# Requirement
An exact copy of all the data below is needed, without its pictures.

# Provided information
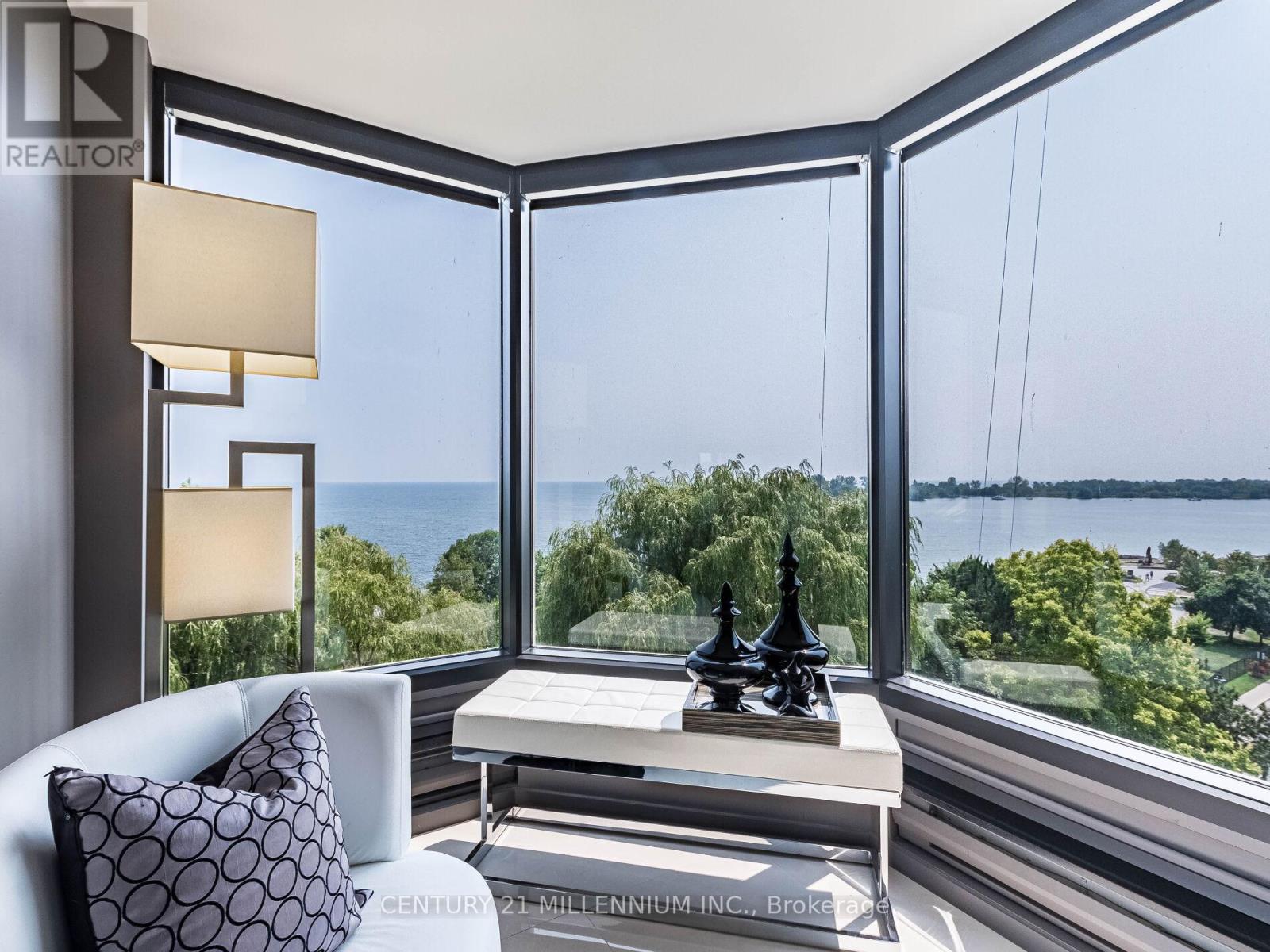 Photo 2 of 603 1 Palace Pier Court, Toronto ON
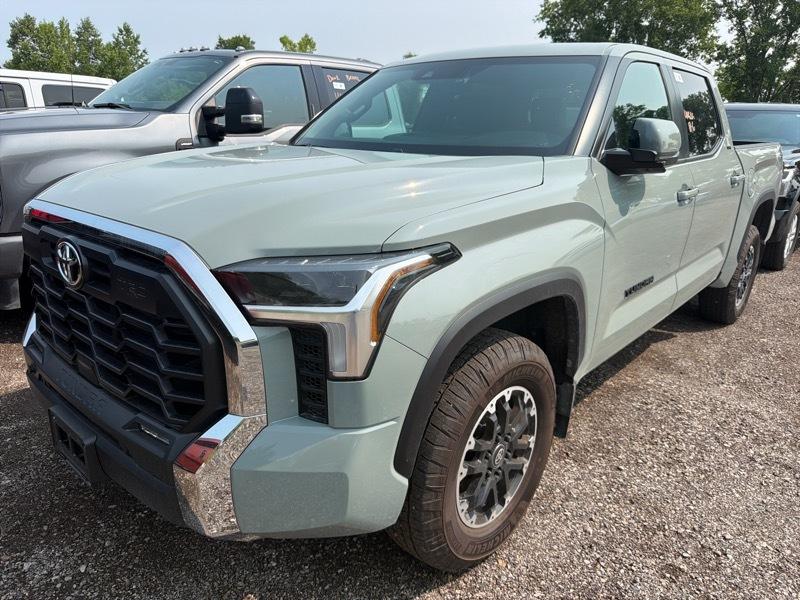 Toyota Tundra SR5 CrewMax 4WD 2026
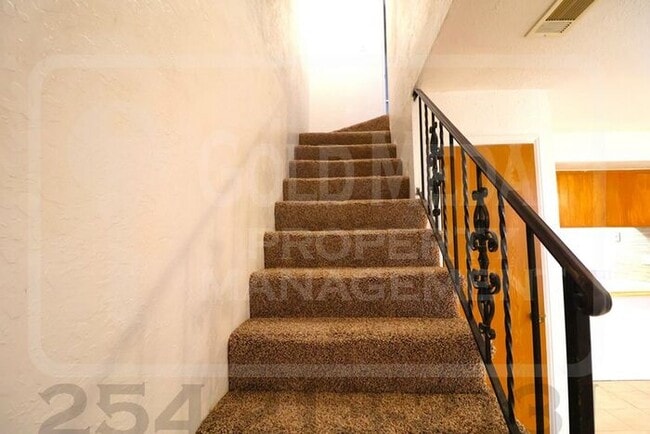 Building Photo - 3906 Charolais Dr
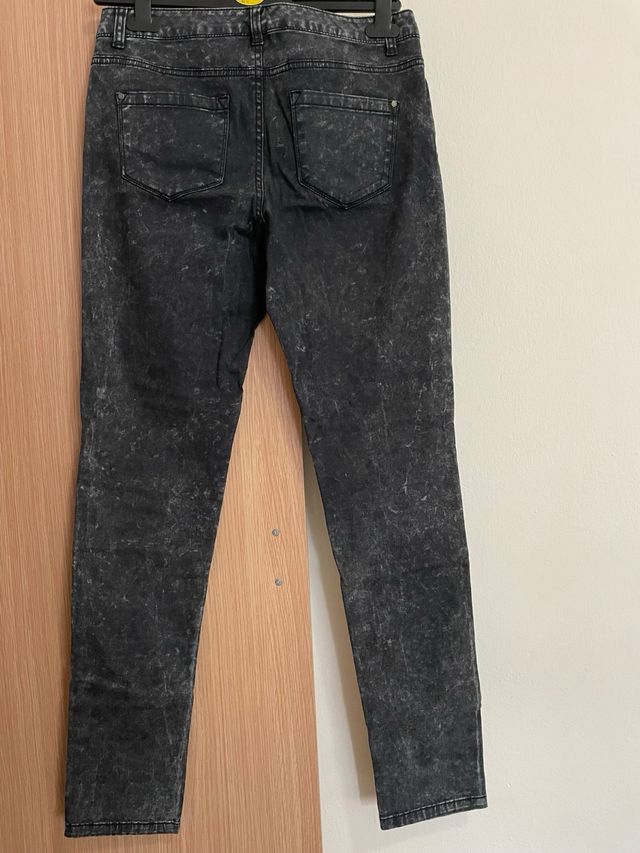 Pantalones grises con tachuelas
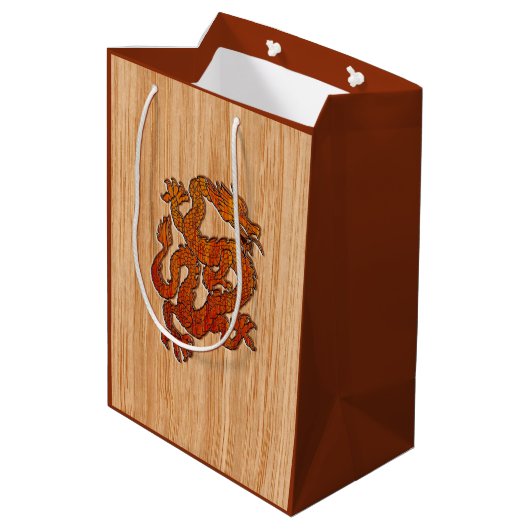 Een orientale draak in Bamboo Medium Cadeauzakje (Achterkant Gekanteld)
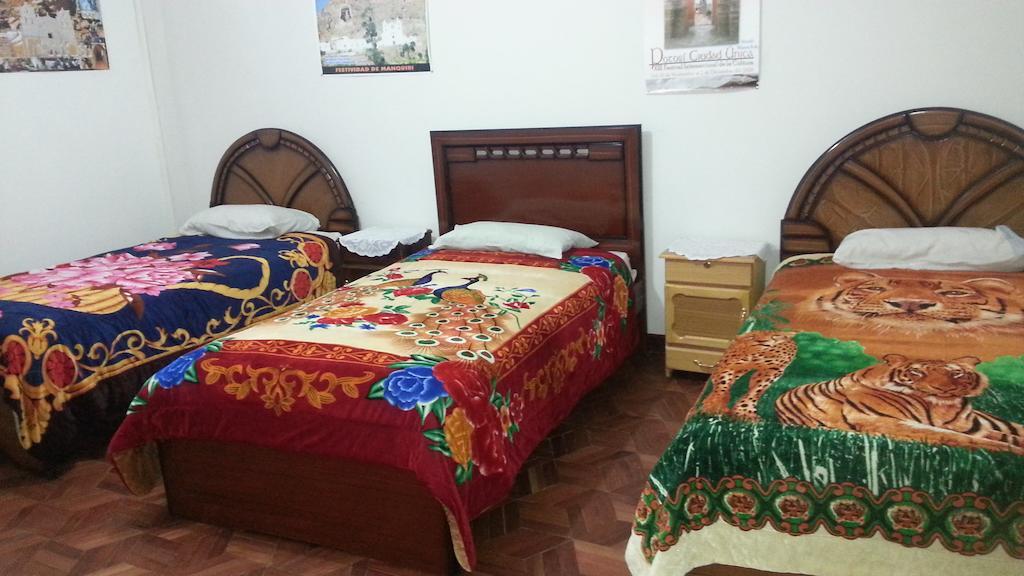 Hostal Villa Imperial Yunguyo Zimmer foto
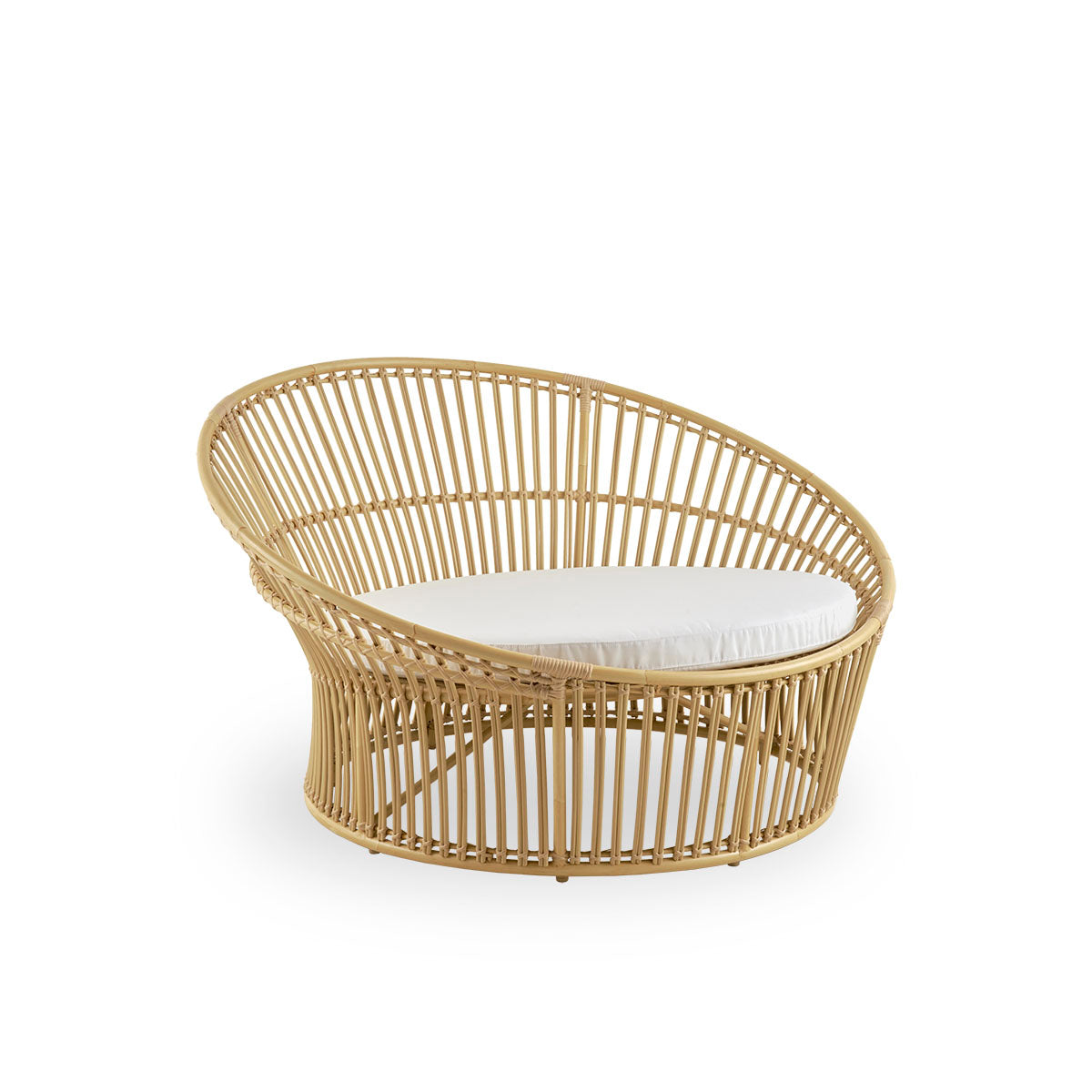 Side view af Olympia Nest Exterior, luksuriøst dansk design udendørs kærlighedsnest med åben fletning og buet ryg. Aluminiumsramme i rattan-look med ArtFibre-omviklinger.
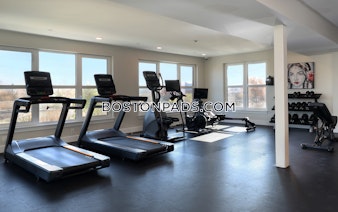 Boston Way. Newburyport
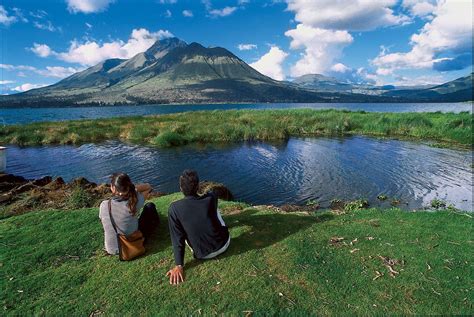 Lago San Pablo A Los Pies Del Imbabura Al Norte Del Ecuador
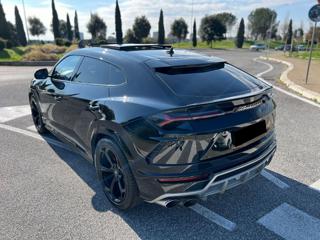 LAMBORGHINI Urus usata, con Park Distance Control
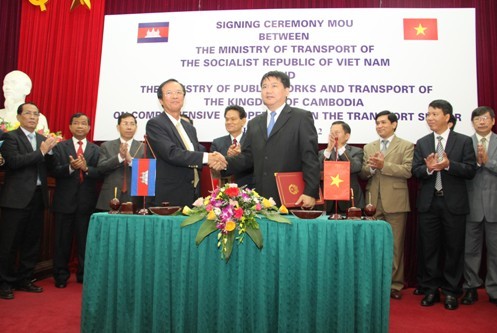 Bộ trưởng Bộ Giao thông công chính Campuchia thăm Việt Nam  - ảnh 1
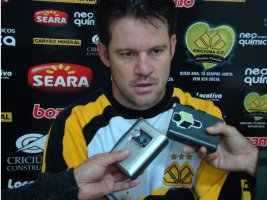 Criciúma está perto de anunciar ex-técnico de Guarani, Avaí e Figueirense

# Answer area
 Photo 2 of 603 1 Palace Pier Court, Toronto ON
 Toyota Tundra SR5 CrewMax 4WD 2026
 Building Photo - 3906 Charolais Dr
 Pantalones grises con tachuelas
 Een orientale draak in Bamboo Medium Cadeauzakje (Achterkant Gekanteld)
 Hostal Villa Imperial Yunguyo Zimmer foto
 Side view af Olympia Nest Exterior, luksuriøst dansk design udendørs kærlighedsnest med åben fletning og buet ryg. Aluminiumsramme i rattan-look med ArtFibre-omviklinger.
 Boston Way. Newburyport
 Lago San Pablo A Los Pies Del Imbabura Al Norte Del Ecuador
 LAMBORGHINI Urus usata, con Park Distance Control
 Bộ trưởng Bộ Giao thông công chính Campuchia thăm Việt Nam  - ảnh 1
 Criciúma está perto de anunciar ex-técnico de Guarani, Avaí e Figueirense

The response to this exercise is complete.